Please transcribe the data that follows without the pictures, keeping every word the same.

*** EXERCISE MATERIALS ***

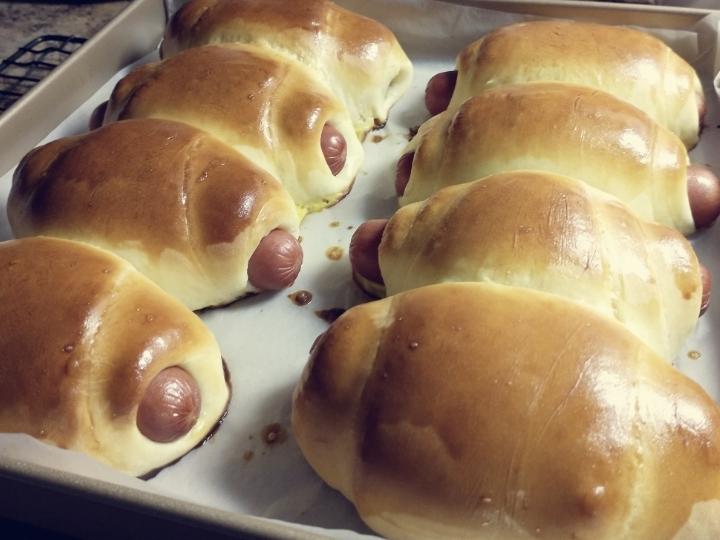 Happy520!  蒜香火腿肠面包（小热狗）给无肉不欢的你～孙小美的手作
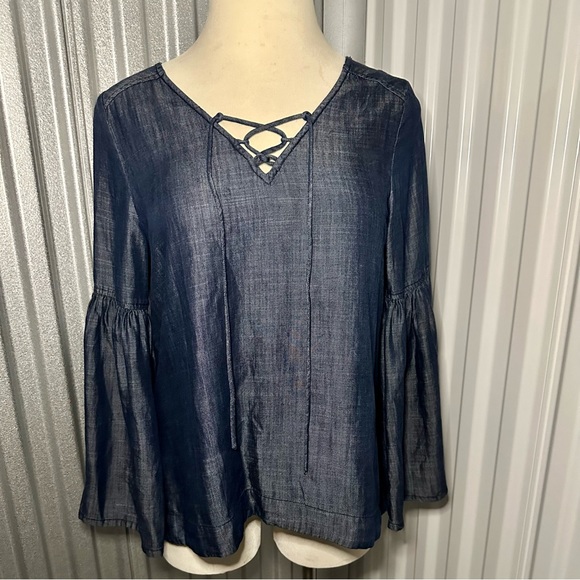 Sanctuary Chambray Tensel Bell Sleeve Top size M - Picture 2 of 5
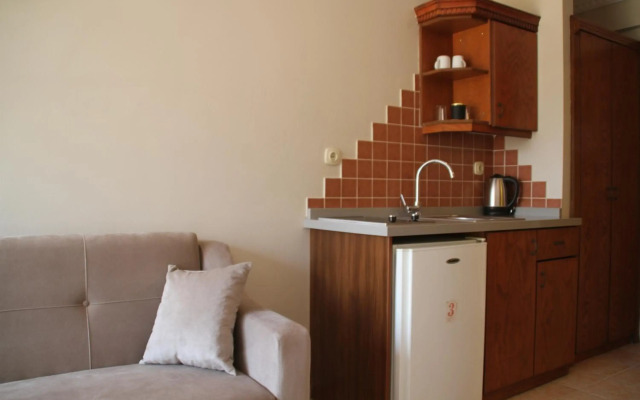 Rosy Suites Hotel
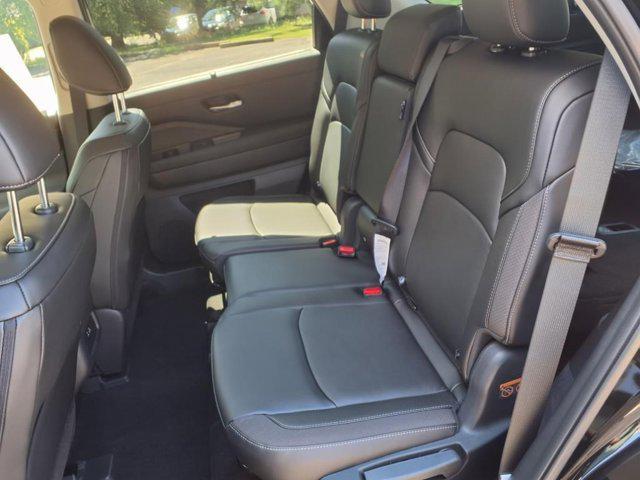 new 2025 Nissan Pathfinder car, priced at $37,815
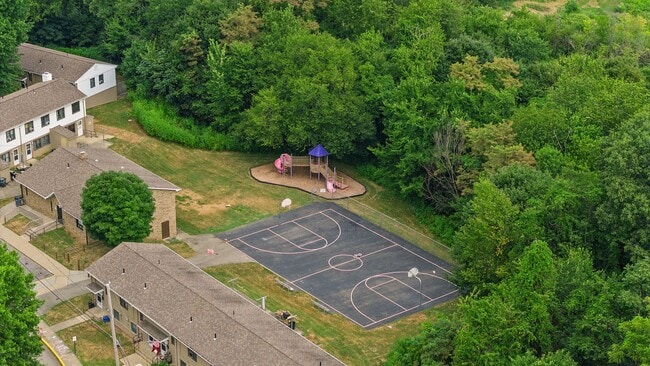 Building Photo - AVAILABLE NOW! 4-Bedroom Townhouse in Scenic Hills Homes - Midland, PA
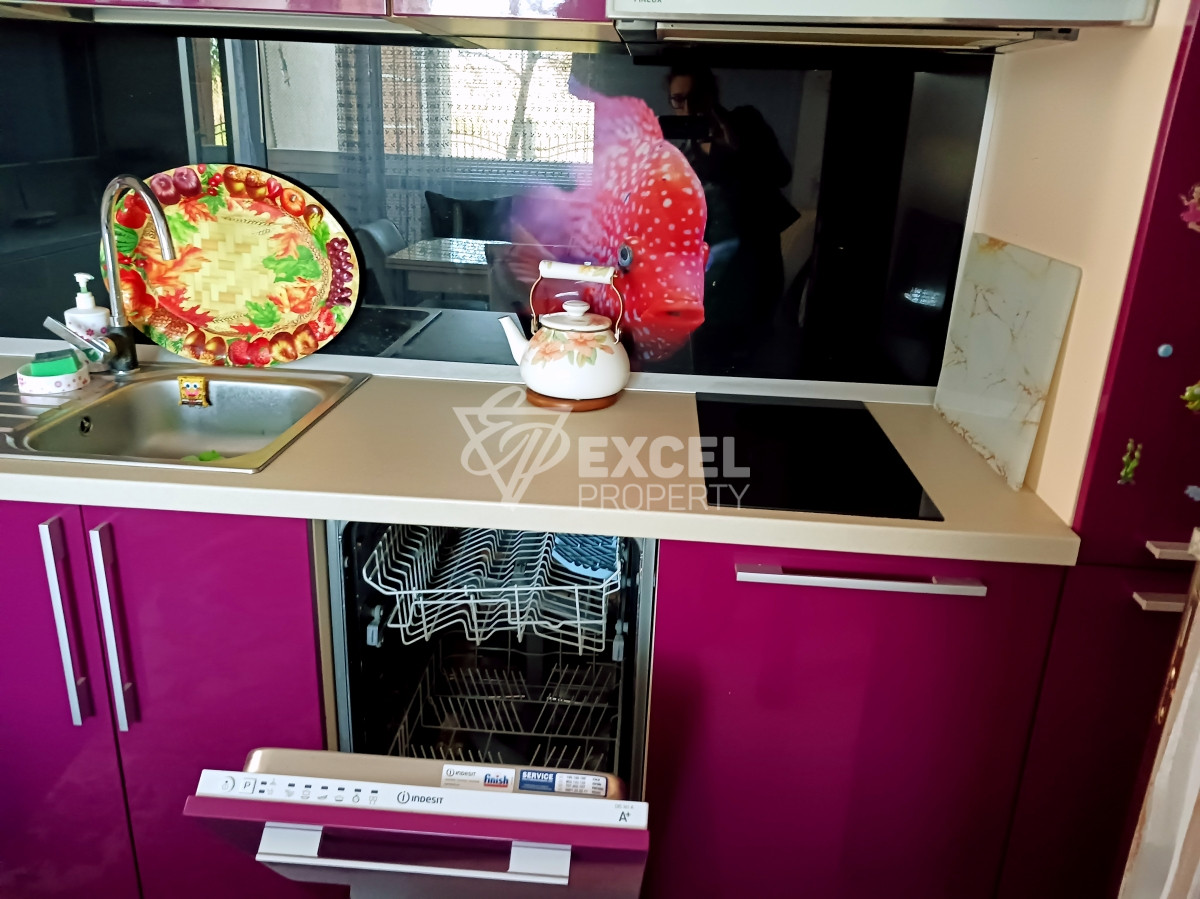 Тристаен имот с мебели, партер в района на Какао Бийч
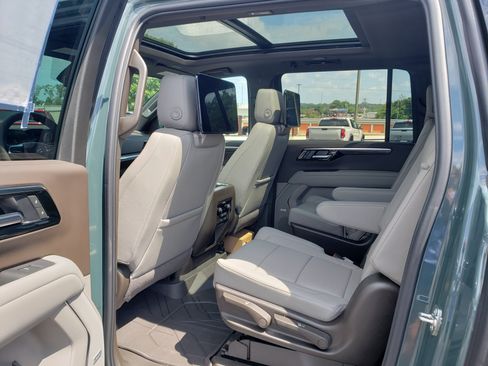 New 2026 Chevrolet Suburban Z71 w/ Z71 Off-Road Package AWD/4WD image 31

*** End of EXERCISE MATERIALS ***

_EXERCISE SOLUTION_
 Happy520!  蒜香火腿肠面包（小热狗）给无肉不欢的你～孙小美的手作
 Sanctuary Chambray Tensel Bell Sleeve Top size M - Picture 2 of 5
 Rosy Suites Hotel
 new 2025 Nissan Pathfinder car, priced at $37,815
 Building Photo - AVAILABLE NOW! 4-Bedroom Townhouse in Scenic Hills Homes - Midland, PA
 Тристаен имот с мебели, партер в района на Какао Бийч
 New 2026 Chevrolet Suburban Z71 w/ Z71 Off-Road Package AWD/4WD image 31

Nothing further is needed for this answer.